There's nothing like a pair of big, clunky, red shoes to make one feel a little feisty. Maybe a little too feisty, in the case of Gracie, the little girl who sports a pair in James Sage's Sassy Gracie.

Gracie's shoes are a little too clunky for Cook's taste: "Stop that dancing, Sassy Gracie! It's getting on my nerves." When Cook takes a day off though, and the Master (who is expecting "a very important guest" for dinner) asks Gracie to prepare two chickens for their dinner, Gracie loses all restraint.

While Gracie is waiting for the chickens to roast, she dances everywhere-from the kitchen, to the best sitting room, in and out of the Master's library, and back again. As Gracie discovers, "dancing can take a lot out of you". When she gets back to the kitchen, she decides to check on the chickens-by taking a few tastes, which turn into a whole chicken. After she returns from her second round of dancing and takes another little taste test; "the second chicken was no more than a spiky carcass of well picked bones, just like the first."

Sassy Gracie might just be a little too sassy: after all, she does lie to the dinner guest to avoid being caught ("Crikey Mister, are you in trouble!...Because you're so late, my Master is planning to give you two big bumps on the head with his walking stick!"); then she must lie to the Master about the dinner guest's failure to attend ("That's a fine guest you invited! He's run off with my two roast chickens!").

Part of what lightens this book (beyond the jovial dialogue) is the stunning visual accompaniment by award-winning illustrator Pierre Pratt. What's a truly clunky pair of red shoes if they're not jumping off the page at you? Sassy Gracie's are enough to make anyone want to strap them on and dance to the point of dropping.

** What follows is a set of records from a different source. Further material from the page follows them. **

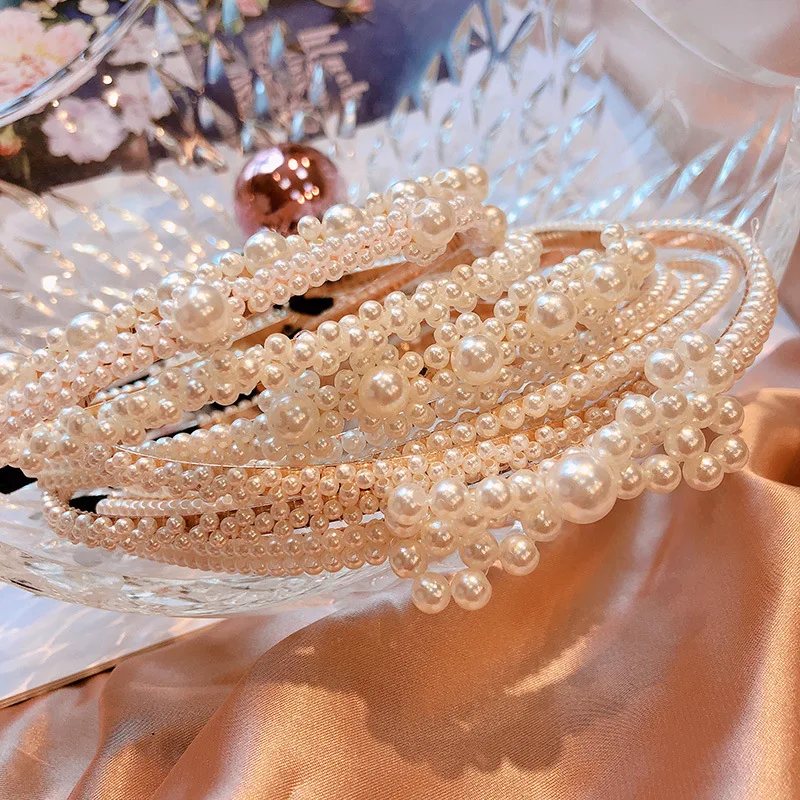 7786 Южная Корея Dongdaemun стиль Мода INS жемчужные аксессуары для волос онлайн знаменитостей тонкие края резинки для волос бисерный браслет B
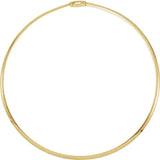Domed Omega 4mm Wide Reversible Necklace and Bracelet in 14K White or Yellow Gold
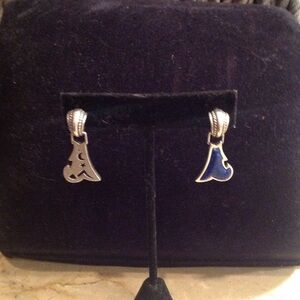 Vintage Caroyln Pollock wolf Lapis 3 way Earrings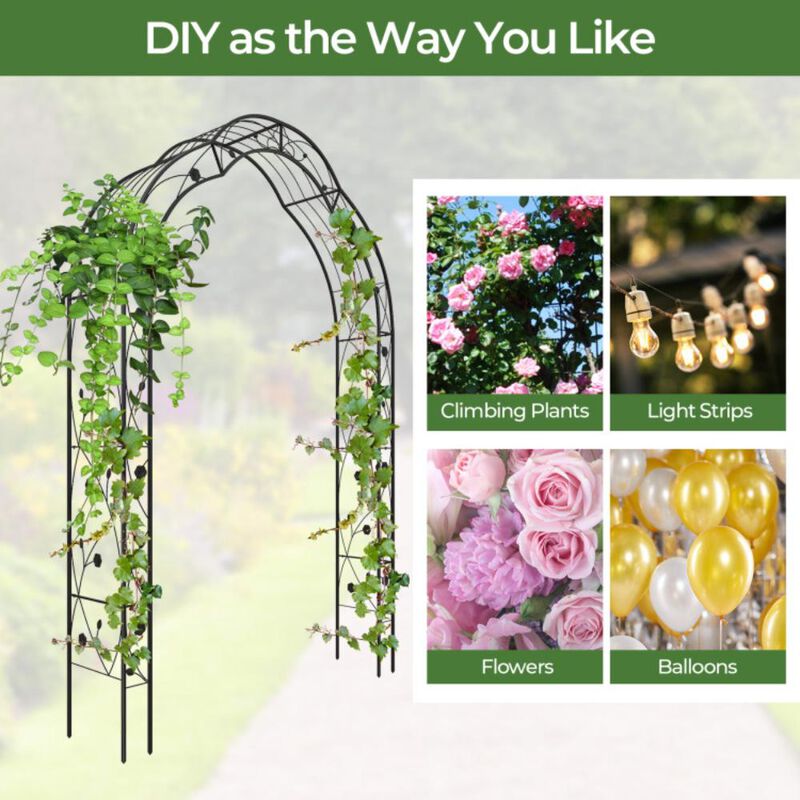 Hivvago Garden Arch Arbor Trellis for Climbing Plants Roses Vines-Black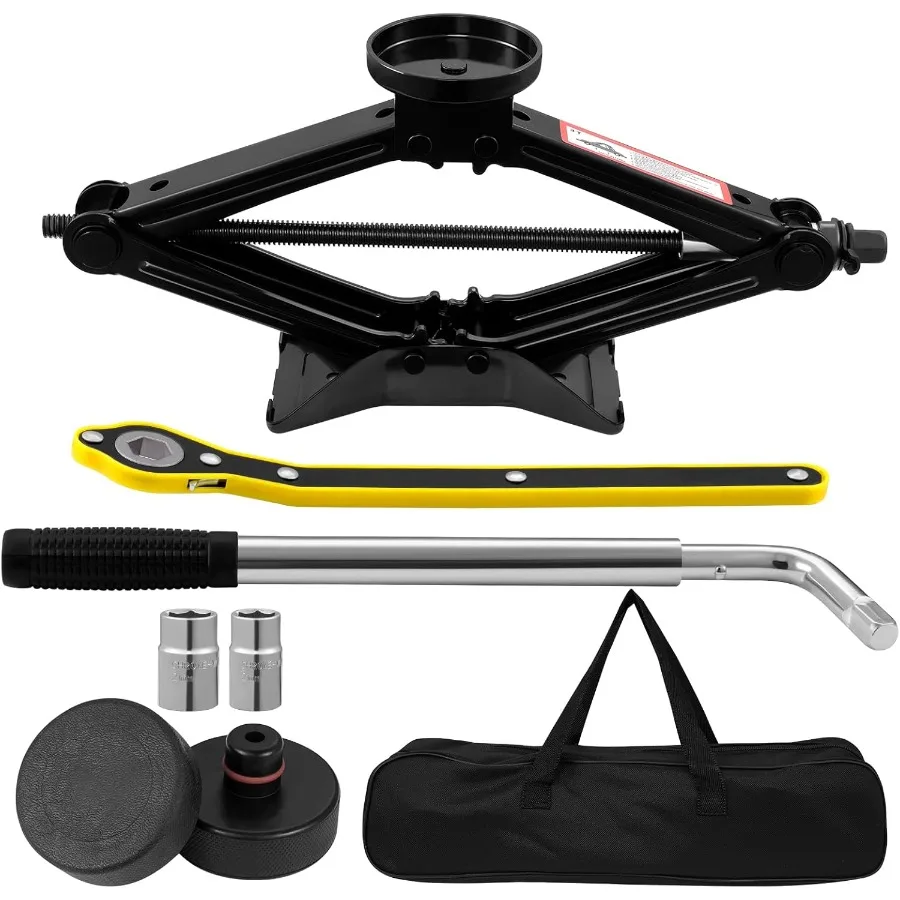 Car Jack Kit 3.0 Ton 6614 lbs Universal Scissor Jack for Car with Rubber Jack Pad Portable Tire Jack Changing kit with Lug Wren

Pratt's landscapes are as vibrant as his renditions of the colourful characters: Sassy Gracie with her curly black pig-tails; the bell-shaped Master with his green house coat and cane that goes "bumpety-bump"; the enormous cook; and, of course, the timid dinner guest with his green top hat and burgundy suit.

The book is fast-paced and entertaining, and after a day of dancing and eating and fun, it's no wonder that Gracie has to take a nap: "And did she snore? YOU BET SHE DID."